At the B&B, Lorette laughs and assures me that there are no cougars here, and the bears stay away from the villages. This explains why nobody has shown even the slightest concern about me wandering off into the woods alone. Lorette and I have a good chat and end up at the pub. There’s a crowd of earthy young folks huddled around beers and I recognize my tree-planting friends from my first day here, back in Sandspit. They’ve been moved to this area now. I’m surprised how happy I am to see them again.

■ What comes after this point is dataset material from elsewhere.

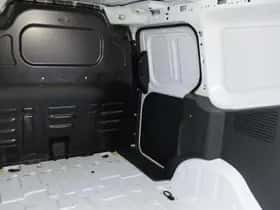 Ford Transit Courier (2024) thumbnail 12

Haida Gwaii is an archipelago of two major islands and about 150 small ones, but to someone from the city it feels like one big village. In Masset, I get together with my high school friend’s cousin. (We were put in touch with each other by her aunt.) It is delightful to meet her, and the world gets smaller when it turns out her partner is a cousin of my storyteller friend Kung Jaadee, also of Masset. Kung Jaadee herself, it turns out, is friends with my friend Liz in Victoria. And with my friend Susan in Vancouver. And so forth. If this is a land where things grow to gigantic size, it is also a land where fine, invisible webs are brought to the light.


On my last day on Haida Gwaii, I go back to the path that follows the banks of the Yakoun and follow it for an hour upriver until the trail disappears into marsh. I sit on a log at the water’s edge in fine drizzle and think about “lasts.” I’ve thought about this a lot since my father died two months ago. At some point, there will be a breath which will be my last breath. There will by a last heart beat, a last day. A last word spoken, a last visit with a loved one. A last bike ride, a last trip to the grocery store, a last time I sing. Dance. Sleep. Wake up. In fact, everything I do could be the last time I do it. This is absurdly obvious, but it shakes me like thunder as I sit there on that log. I’ve always assumed that any beautiful place I visit, I can return to and see again. But the truth is, this could be my last time here. It could even be my last walk. (For that matter, this could be my last thought.)

Across the river, a kingfisher dives.  I pull off my shoes and socks, stuff them into my pack, step into the water and wade for long enough to feel the cold in my bones. Then I turn to the path and let my bare feet walk me back through the woods, over moss, between giant logs, through mucky puddles and soft black soil, decayed cedar, balsam, spruce. I startle a resting doe who scrambles to her feet 3 meters away. (Actually we startle each other.) We both stand still, looking at each other without moving, then she turns and picks her way deeper into the dark forest where she disappears among gigantic trees.

Now, back at the B&B, it is nighttime. Early in the morning, I will drive an hour to the ferry for a daytime sailing back to Prince Rupert. Amazingly, the skies are clear; frogs sing by moonlight under the stars.